User listening data: We obtained a dataset containing 360,000 randomly selected Last.fm users and a list of their top-ten-played artists from Pompeu Fabra University’s Music Technology Group. The dataset also contained the user’s attributes such as sex, age, location and date of joining the platform.
🧼 Data Cleaning: Data from users who were under 18, over 70 and outside the US were removed. Music festivals typically have an 18+ age limit and we believe that it would be difficult for users outside the US or over 70 years old to attend given the recent COVID-19 pandemic.
The top 150 artists who had the most number of users listing them as one of their top-ten artists were extracted. We chose 150 artists because a similar Chicago-based musical festival, Lollapalooza, has approximately 150 artists as part of their line-up. From this list, we then removed artists that were either inactive or dead, leaving us with 116 total artists.
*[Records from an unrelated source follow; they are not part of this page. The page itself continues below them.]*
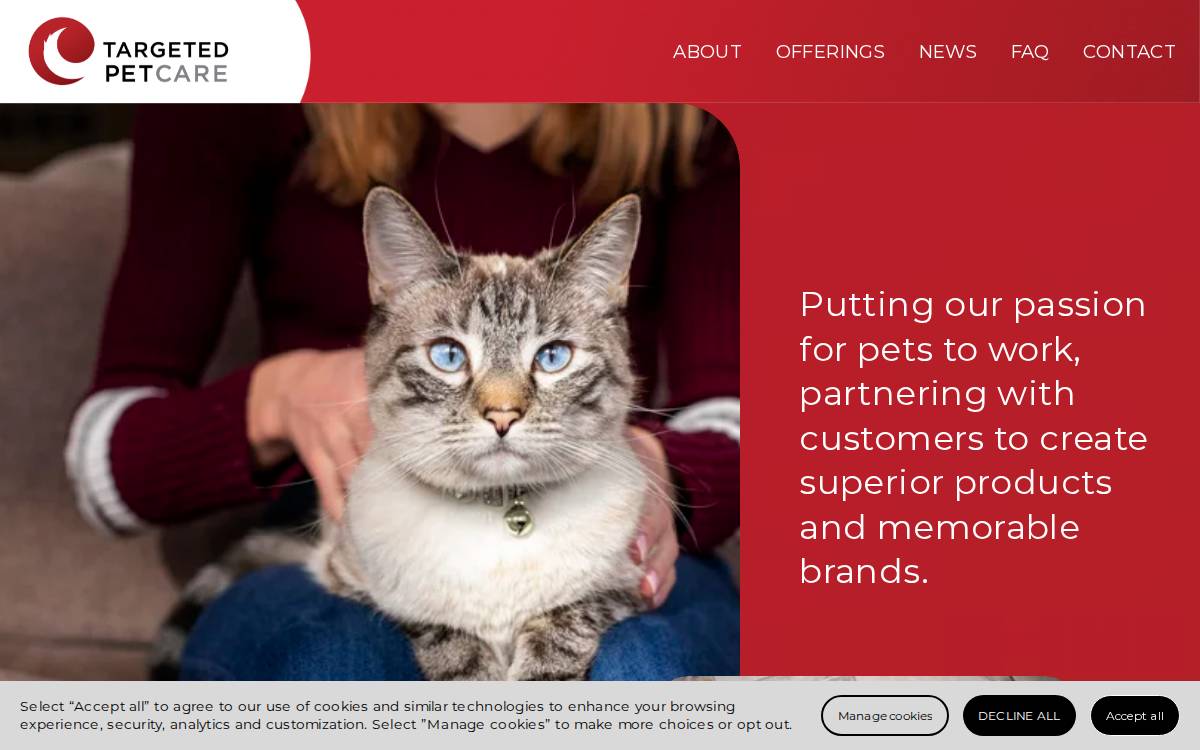 Targeted PetCare website preview
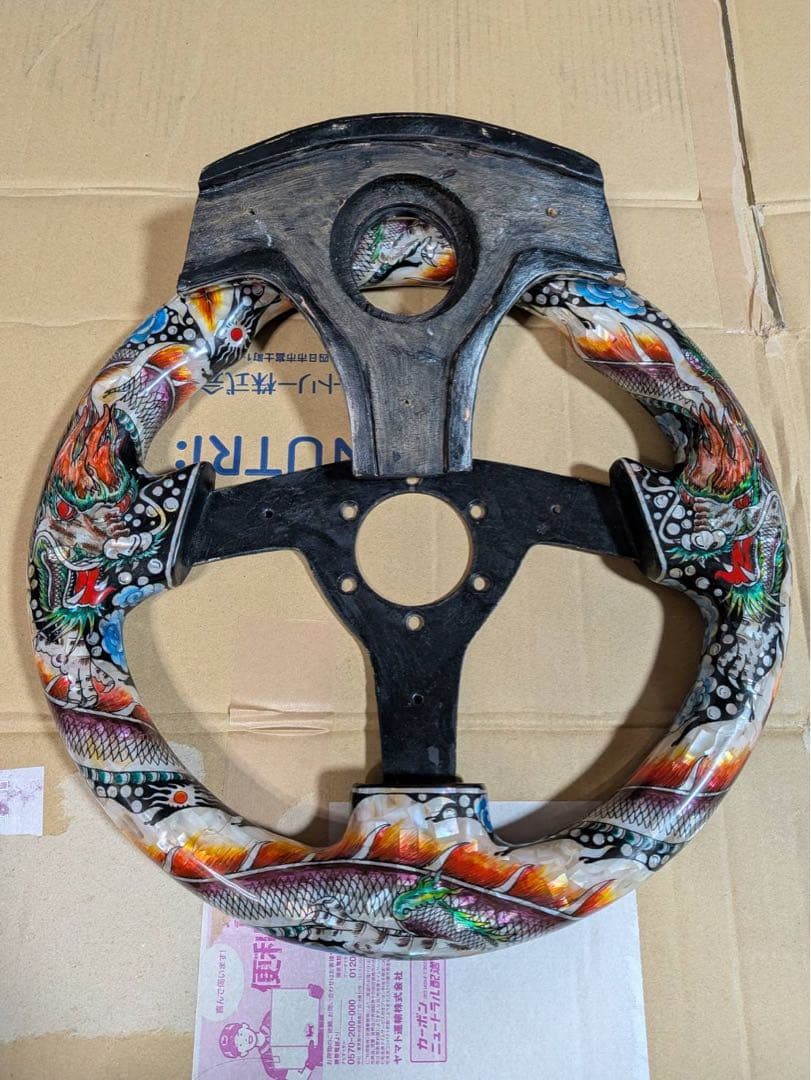 グラフティ　ステアリング　33mm usdm 一点もの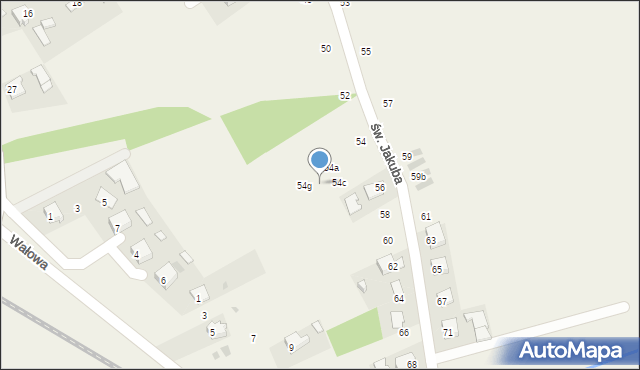 Palczowice, św. Jakuba, 54e, mapa Palczowice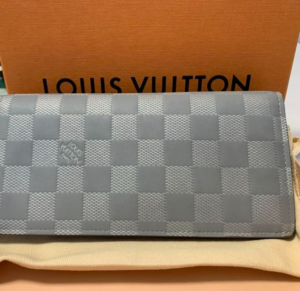 Vi Louis Vuitton Brazza Wallet 'Silver' M60195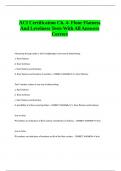 ACI Certification Ch&period; 4- Floor Flatness And Levelness Tests With All Answers Correct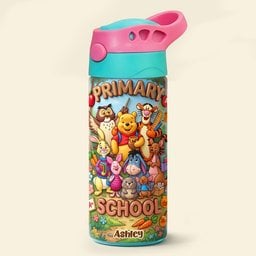 Primary School 12oz Kid Tumbler - Personalized Back To School Gifts For Kids – view 3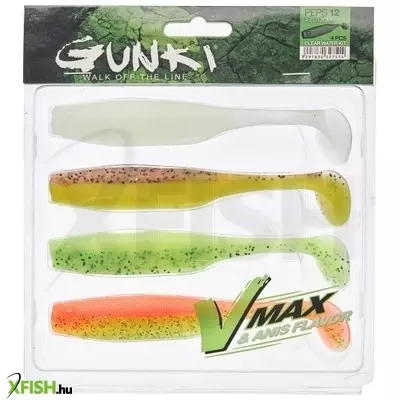 Gunki Peps Dark Water Kit 2 12 Gumihal szett 4 db/csomag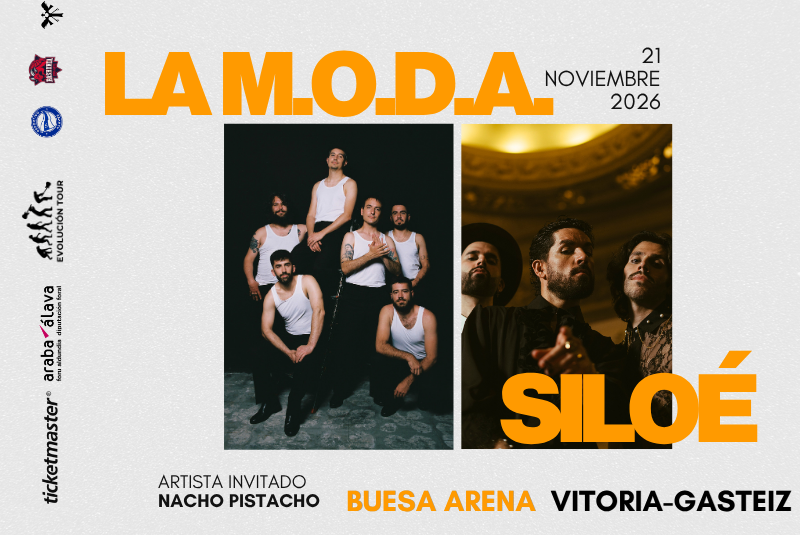 La MODA, Siloé y Nacho Pistacho comparten escenario en el Buesa Arena de Vitoria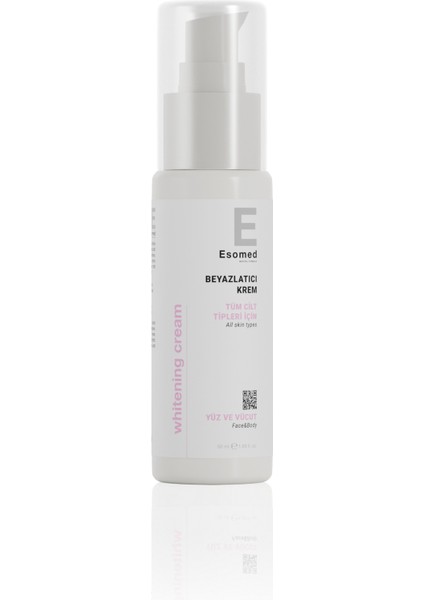 Vücut Beyazlatıcı Diz,Dirsek, Koltuk Altı, Özel Bölge Bikini Genital Bölgesi Kararma Karşıtı Krem 50ml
Artist attributes data: Using Selenium on Python, we web-scraped Wikipedia in order to generate a dataset of artist attributes. This dataset consists of the 116 artists, their genre, sex, year they started making music and whether the artist is a band or a solo artist.
Using statnet and igraph packages on R, we created an network of artist relations. Each node in this network represents an artist. We then define an edge to exist between two nodes if there is a significant overlap in audiences for the two associated artists. We quantified audience overlap by using Jaccard similarity coefficient. If two artists have a Jaccard similarity coefficient of over 0.1, we conclude that there exists a tie between them. The table below illustrates the summary statistics of the artist network:
The figure below illustrates the artist network. The size of the node represents the node’s popularity, which we computed as the number of users that named the artist as one of their top-ten artists. The most popular artists included Radiohead, Kanye West, Coldplay and Death Cab for Cutie. The color of the node represents the artist’s main genre. There are 5 different genres: pop, rock, punk, indie and hip hop.
Takeaway: From the figure, we can see that there is a relatively clear divide between genres. This indicates that, if a user listens to a specific genre, they typically listen to multiple artists in that genre.